Records provided:

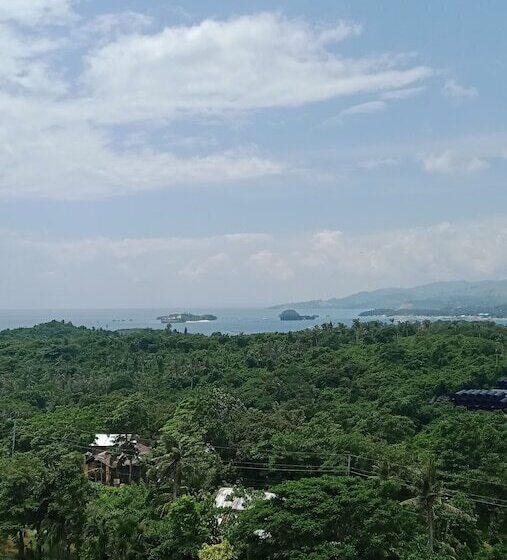 Lingganay Boracay Hotel Resort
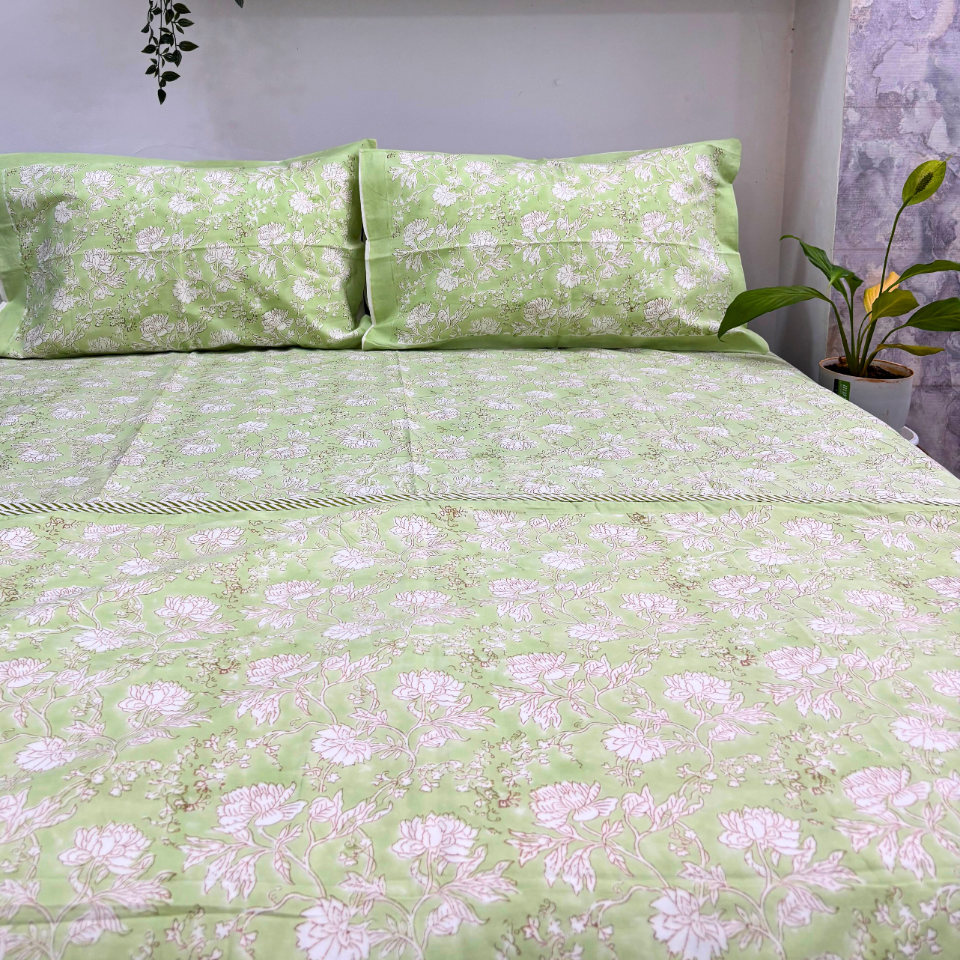 Pari Vatika Handblock Cotton Bedsheet Set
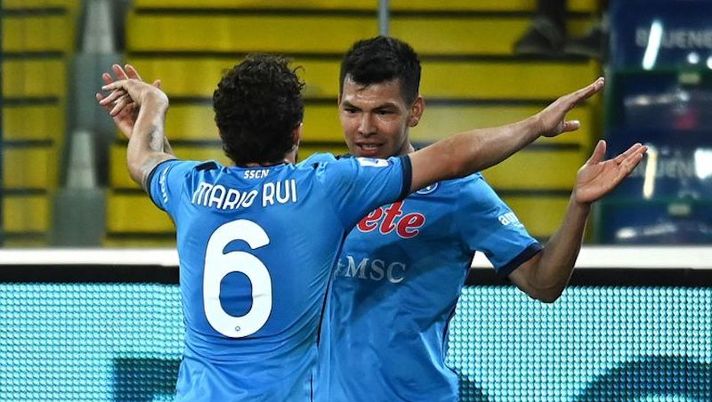UDINE, ITALY - SEPTEMBER 20: Hirving Lozano of SSC Napoli celebrates with teammate after scoring the 0-4 goal during the Serie A match between Udinese Calcio and SSC Napoli at Dacia Arena on September 20, 2021 in Udine, Italy. (Photo by Alessandro Sabattini/Getty Images) Il portiere, Rrahmani, Zielinski e Lozano: i dubbi e le scelte di formazione nel Napoli - immagine 1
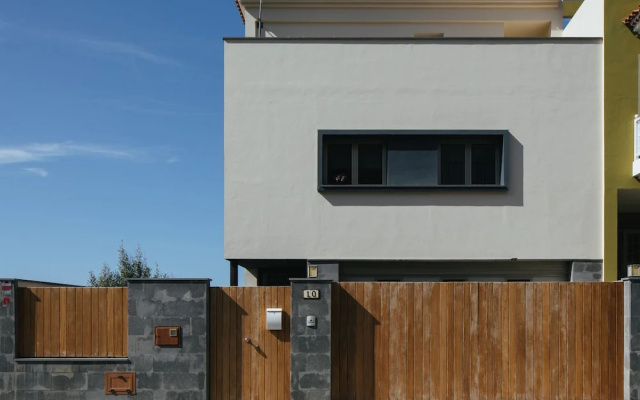 Vertical Villa: luxury, sea views & private SPA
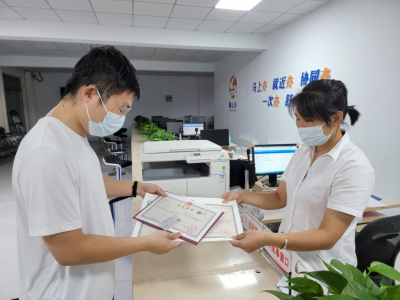 夏津县行政审批服务局宋楼分局：窗口服务无小事，延时服务暖人心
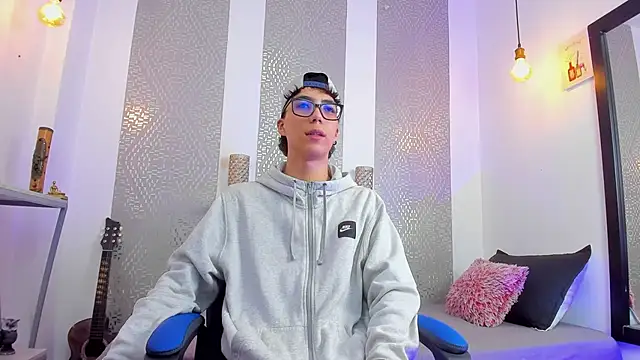 Snapshot of Nikolay_Gregori chatting on 11, 2, 2025 Nikolay Gregori online show from 11, 2, 2025
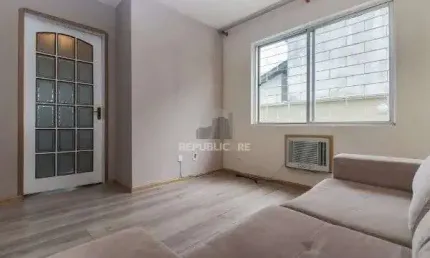 Apartamento com 3 quartos à venda na Rua Oscar Schneider, 504, Medianeira, Porto Alegre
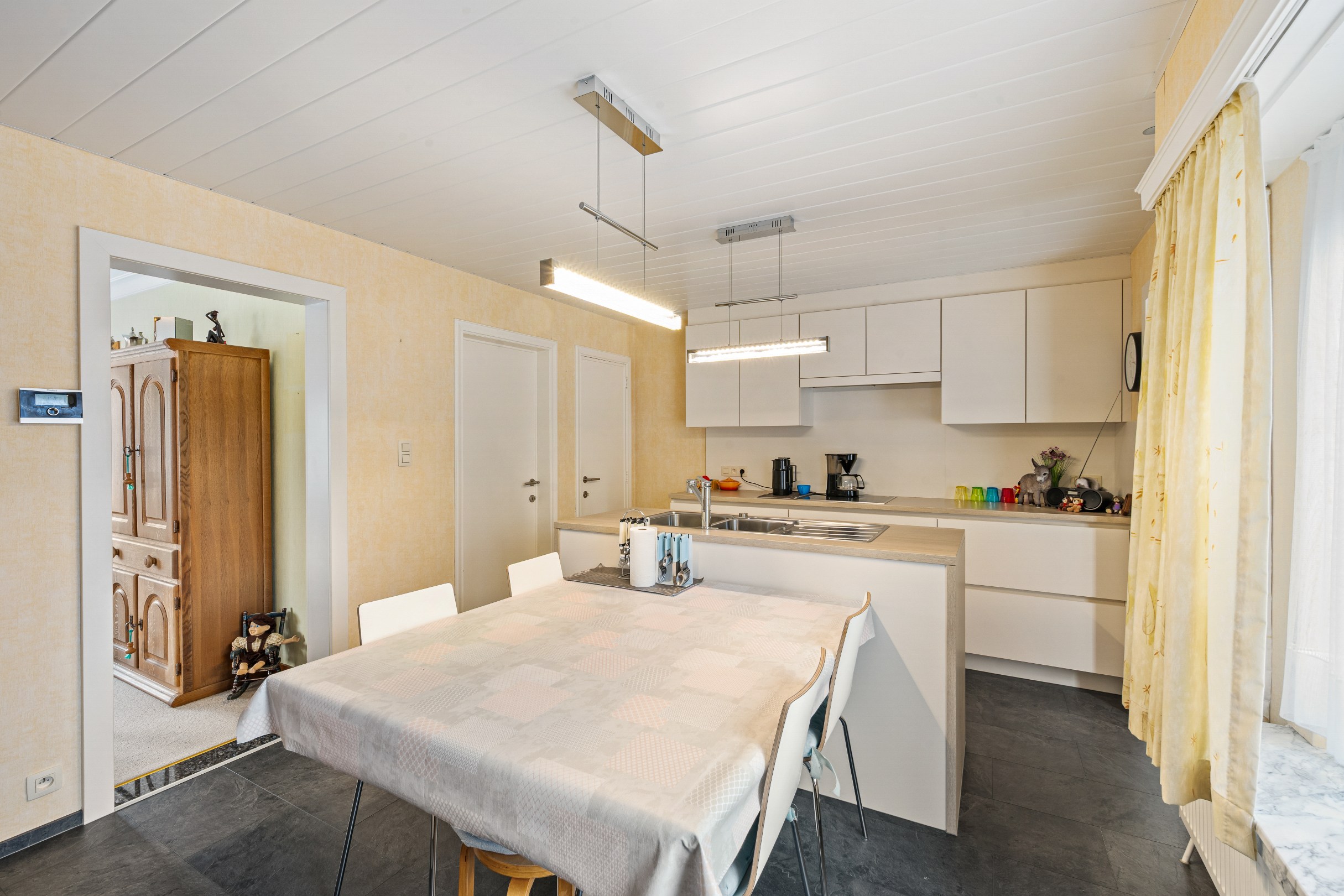 Goed onderhouden half open woning op rustige locatie! - foto 5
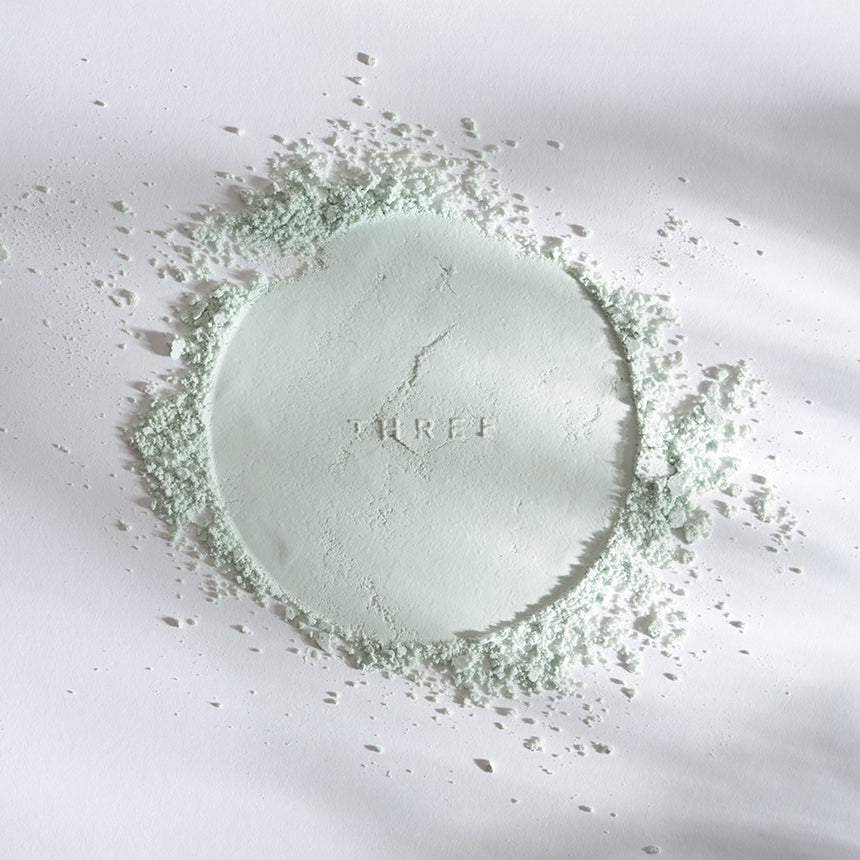 THREE Advanced Ethereal Smooth Operator Loose Powder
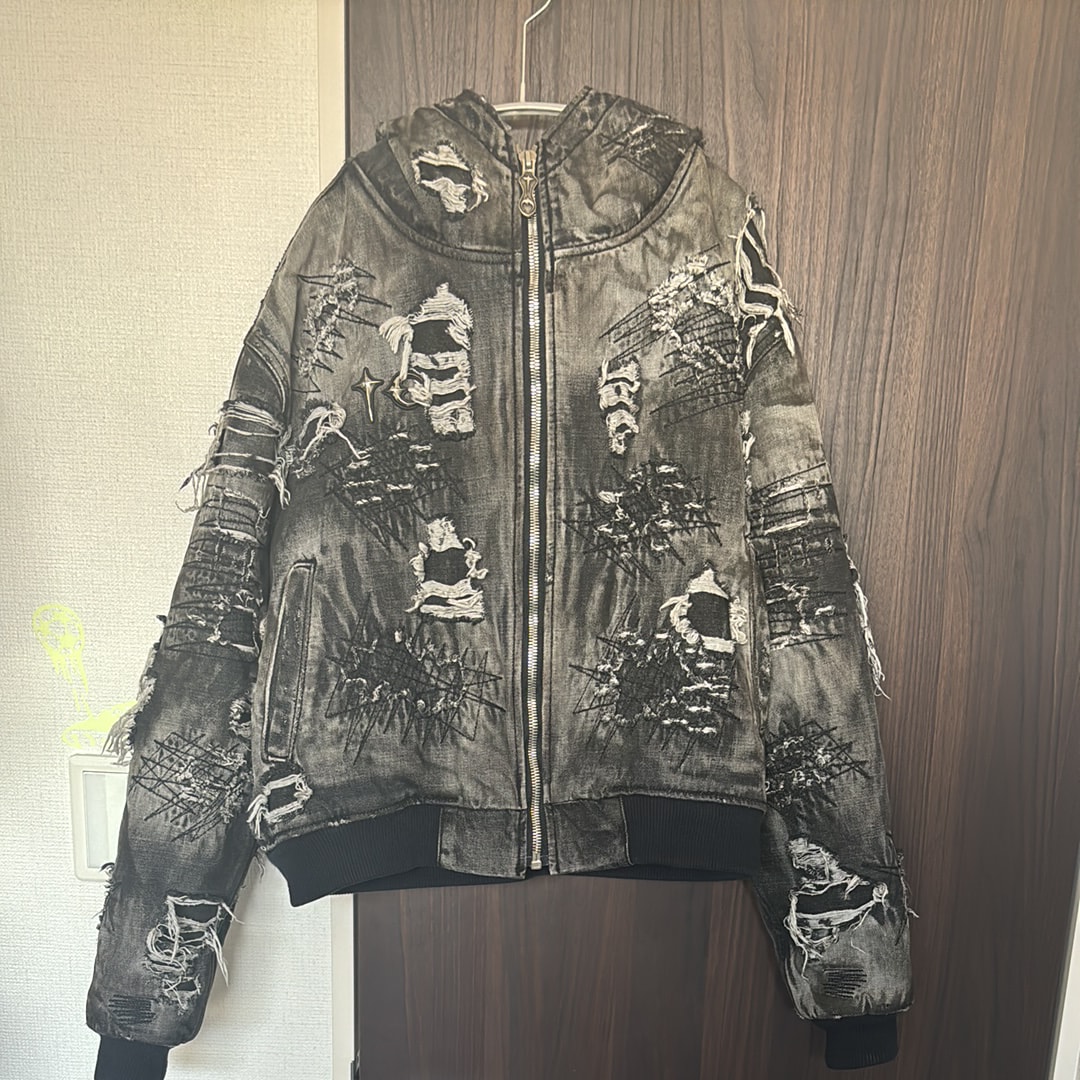 THUG CLUB Hard-Washed Damaged Denim Hooded Zip-Up "Black"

Task instructions: Reprint all the data above verbatim, excluding pictures.

Answer section:
 Lingganay Boracay Hotel Resort
 Pari Vatika Handblock Cotton Bedsheet Set
UDINE, ITALY - SEPTEMBER 20: Hirving Lozano of SSC Napoli celebrates with teammate after scoring the 0-4 goal during the Serie A match between Udinese Calcio and SSC Napoli at Dacia Arena on September 20, 2021 in Udine, Italy. (Photo by Alessandro Sabattini/Getty Images) Il portiere, Rrahmani, Zielinski e Lozano: i dubbi e le scelte di formazione nel Napoli - immagine 1
 Vertical Villa: luxury, sea views & private SPA
 夏津县行政审批服务局宋楼分局：窗口服务无小事，延时服务暖人心
 Snapshot of Nikolay_Gregori chatting on 11, 2, 2025 Nikolay Gregori online show from 11, 2, 2025
 Apartamento com 3 quartos à venda na Rua Oscar Schneider, 504, Medianeira, Porto Alegre
 Goed onderhouden half open woning op rustige locatie! - foto 5
 THREE Advanced Ethereal Smooth Operator Loose Powder
 THUG CLUB Hard-Washed Damaged Denim Hooded Zip-Up "Black"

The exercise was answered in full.